"Les coupables, ce sont les politiques..."
Jacques Carbonnel avait 25 ans lorsqu'il a été appelé chez
les paras. Engagé à 18 ans, Gérard Kihn lui, s'est retrouvé chez Bigeard.
Marqués à vie, tous les deux sont rentrés antimilitaristes .
Nous poursuivons notre série sur la guerre d'Algérie,
cinquante ans après...
Celui qui y croyait. Celui qui n'y croyait pas. C'est un peu
ça, l'histoire de Gérard Kihn et de Jacques Carbonnel. Fils de paysan, le
premier s'est engagé à 18 ans pour échapper à sa famille et sa Lorraine natale.

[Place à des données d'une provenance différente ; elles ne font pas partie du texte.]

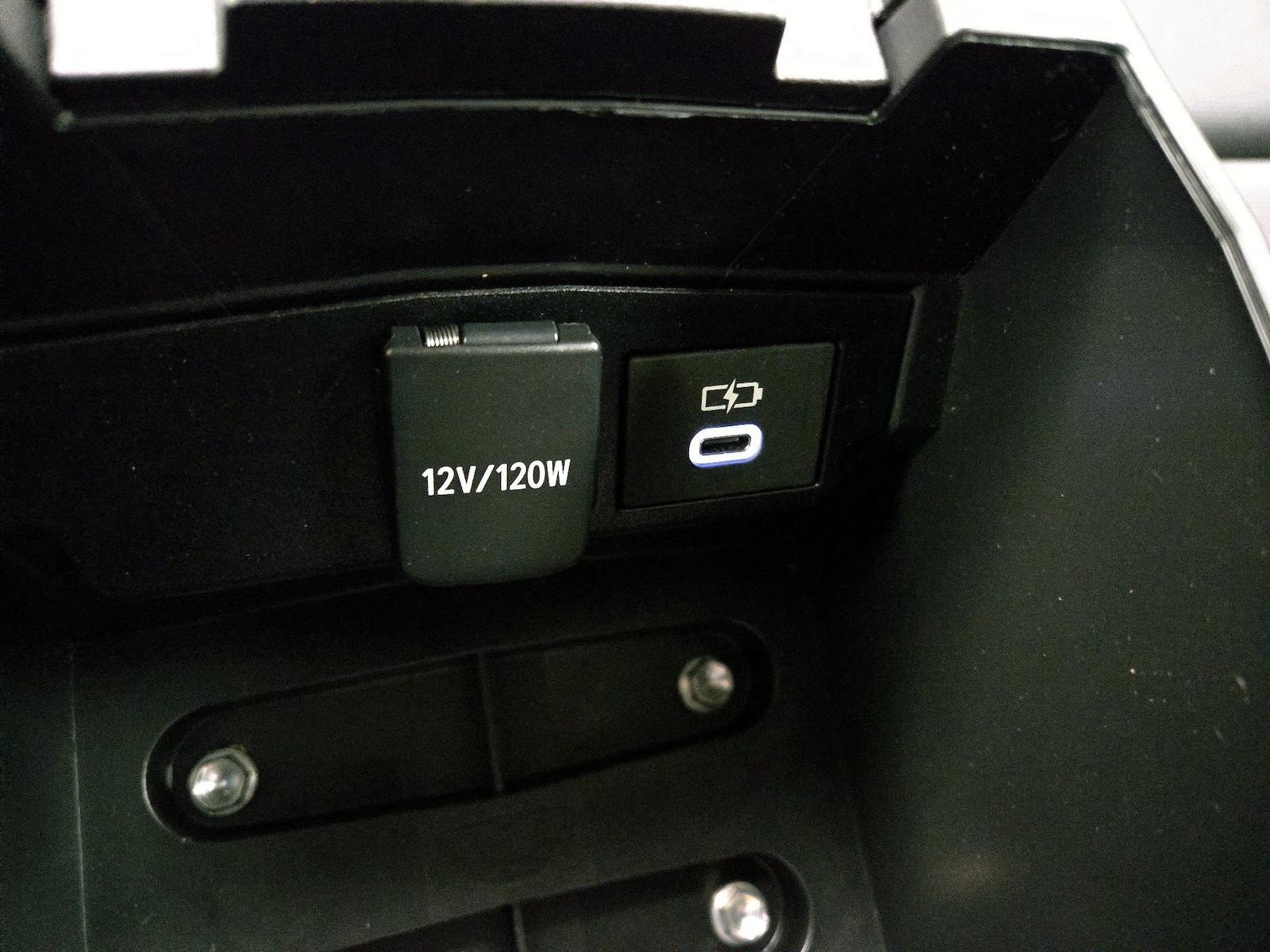 2026 Toyota Corolla LE - Photo 19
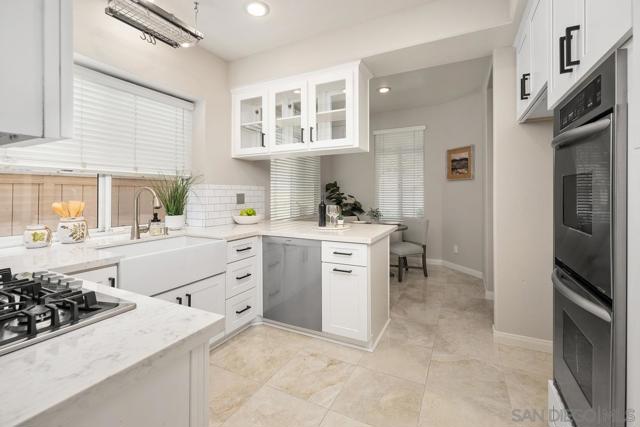 11078 Caminito Alegra, San Diego CA: https://media.crmls.org/mediaz/2f7c1cae-bab4-4d50-acb6-cff11a39303e.jpg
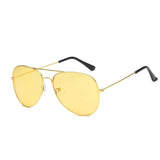 Kesäiset pilottilasien herrat – Keveät, tyylikkäät aurinkolasit vivano-warszawa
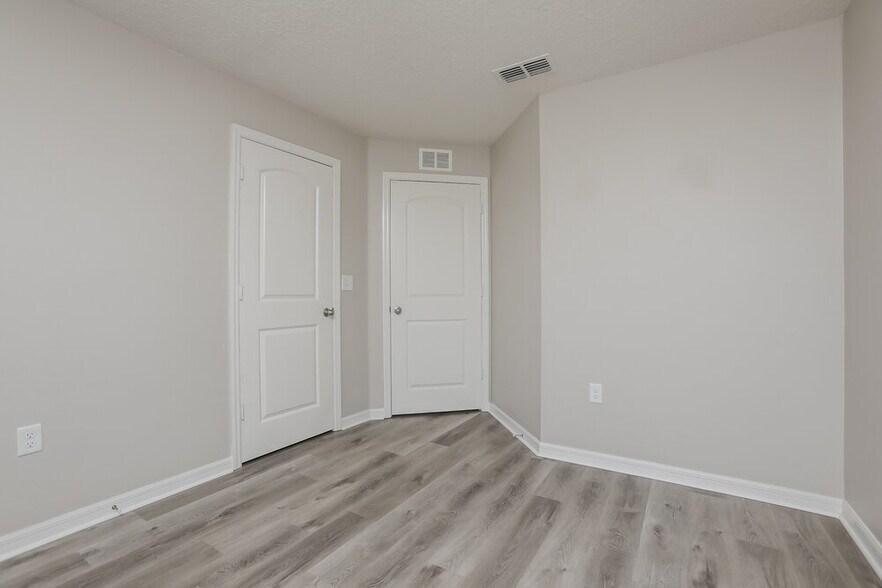 Building Photo - 2353 Bexley Dr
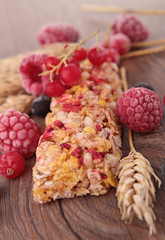 granola bar with berries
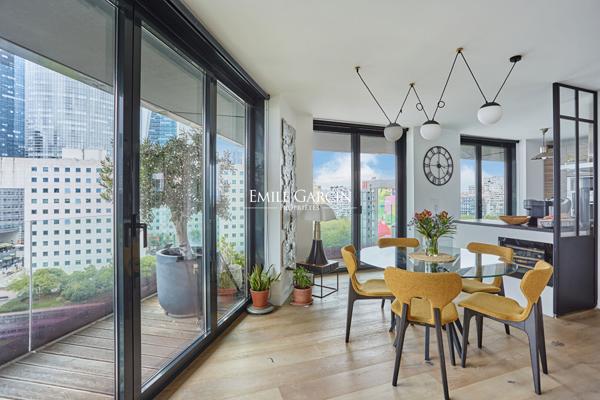 APPARTEMENT NANTERRE -  4 PIECES - 93 M² - VUE DEGAGEE - BALCON DE 34 M²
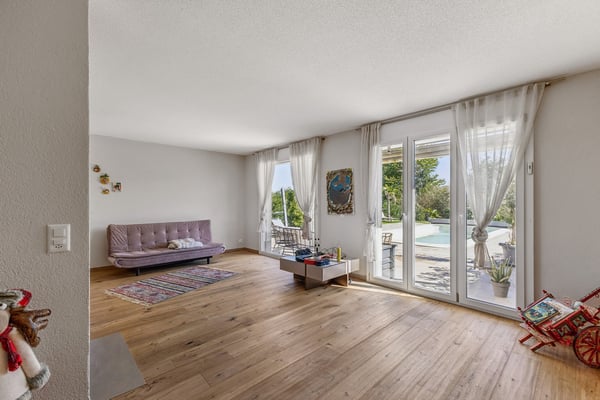 Maison mitoyenne avec piscine et studio indépendant 6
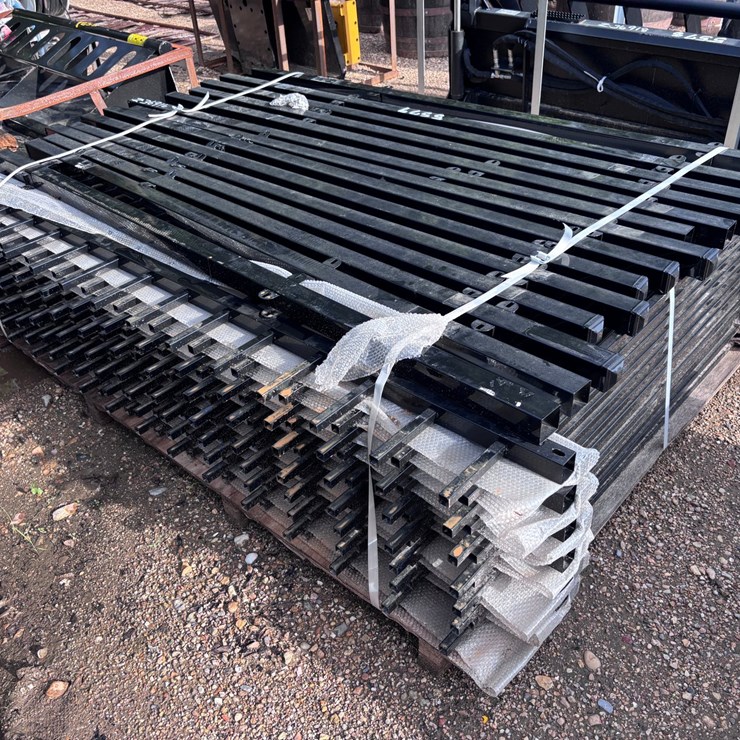 #36916 • BUNDLE OF METAL FENCE BOARDS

Professeur, syndicaliste, 3e ligne à Cahors et... sursitaire,le second avait 25
ans lorsqu'il se retrouva aussi parachutiste, contre ses convictions. 50 ans
après, ce qui réunit désormais les deux hommes? L'aversion commune qu'ils ont
rapportée d'Algérie contre la guerre, la torture.
«L'Algérie? à 20 ans, j'avais une idée positive du
colonialisme qui apporte la civilisation», commence pourtant Jacques Carbonnel,
carrure toujours imposante à 82 ans. «Mais à 25 ans, je m'étais politisé. Il y
avait eu l'Indochine et en arrivant à Oran en 1956, une scène m'avait révolté,
un flic humiliant un Arabe pour rien...»
Puis, «dès les premières opérations j'ai été confronté à la
torture. Laverdo, Aumale, Miliana, Palestro... On n'a jamais été forcés à
participer, mais on entendait hurler les gars. Un jour, par accident, j'ai vu.
Le supplice de la baignoire, un homme qu'on remplit d'eau par les deux bouts,
la gégène, le corps qui se lâche... Mais le plus terrifiant, c'étaient ces
gosses de 20 ans qui plongeaient dans ce système. Moi, j'étais le «vieux», je
n'étais pas influençable, mais, sur un régiment, nous n'étions que 15 à refuser
cette guerre-là de la «paracification»...
«La torture, c'était plus difficile à supporter que la
mort»,confirme alors Gérard Kihn. En 1957, lui se retrouve à crapahuter avec le
3e RPC, «le régiment de Bigeard». D'accord pour être soldat, mais pas
tortionnaire.
«En 57, la torture était systématique, mais le vrai
problème, c'est que les politiques avaient donné tout pouvoir à l'armée. Elle
avait droit de vie ou de mort sur n'importe qui. Isolés, des sous-off qui
étaient rentrés fous d'Indochine, faisaient alors le sale boulot avec les
hommes de troupe», souligne-t-il.
Exécutions sommaires, viols, mutilations, mais aussi
violences contre les simples soldats... Révulsés, ils sont rentrés «hantés par
l'horreur». «Comment pouvait-on en arriver là ? La peur. Nous avons vu torturer
des innocents, des Français ne parlant que français vouloir «faire parler» des
Arabes ne parlant qu'arabe... et il n'y avait pas de limite à l'imagination
sadique des gens laissés à eux-mêmes. Mais, plus que l'armée, les vrais
coupables, oui, ce sont les politiques qui ont rendu ça possible en donnant les
pleins pouvoirs aux militaires», répètent-ils. «Pacifistes à jamais».